The Editor by Steven Rowley
Published by Putnam
Publication date: April 2, 2019
James Smale is thrilled to sell his first novel to Doubleday, but he is over-the-moon when he finds out his editor is none other than Jacqueline Kennedy Onassis. His excitement is tempered by having to tell his mother. As an obsessive Kennedy family follower, her son meeting Jackie would normally be a dream come true, but she’s read a chapter and while it’s fiction it’s about James’ highly dysfunctional childhood. Not how she wants to be seen by her idol. In The Editor, his fears over his mother’s reaction, combined with being star struck, leaves James so creatively blocked he can’t write an ending for his book.
The premise of getting validation as a writer and then finding out a woman of Jackie’s stature is your editor makes for exactly the kind of fun you might expect. James goes from being so overwhelmed he can hardly speak, to staying at Jackie’s place on Martha’s Vineyard and lunching with her at the Carlyle Hotel. Thankfully, Rowley avoids too much lighthearted silliness by delving into the issues with James’s novel and therefore, his life and his fraught relationship with his mother. Also, through James’s erstwhile boyfriend, he adds the ever-useful dynamic of one partner suddenly succeeding artistically while the other is still struggling.

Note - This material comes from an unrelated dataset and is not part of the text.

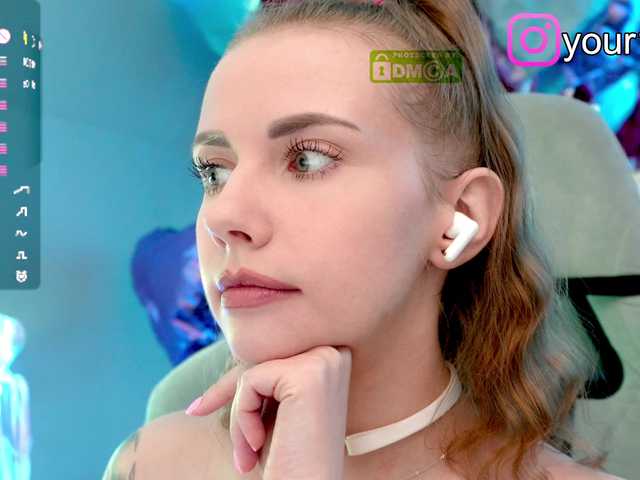 -VikkiL0vesCheese-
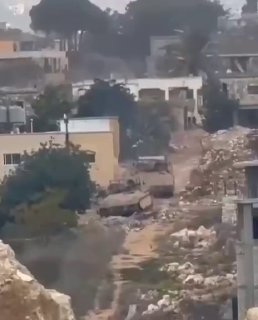 כלי רכב ישראלים נעים בעיירה זאוטאר שבמזרח העיר, במקביל לסחיטת מקלעים לעבר העיירה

All of this works until about halfway through, when Rowley decides to spice things up further with some of the downsides of fame and when that’s not enough, by dropping a family bombshell. Followed by another dramatic scene towards the end of the novel. All of which meant that, for me, the novel strayed too far from wry humor and the complexity of the mother/gay son dynamic into a lot of tropes. The only part of the novel that held from start to finish were the scenes with Jackie. Even though I have no idea what she was like in her private life Rowley lets her unfold on the page in her interactions with James. There is still the reserve that comes from decades of intense scrutiny but there is a wistfulness as well. More scenes like this and less of everything else would have made a big difference in my take on The Editor. As is, I was left feeling that the novel itself needed an editor.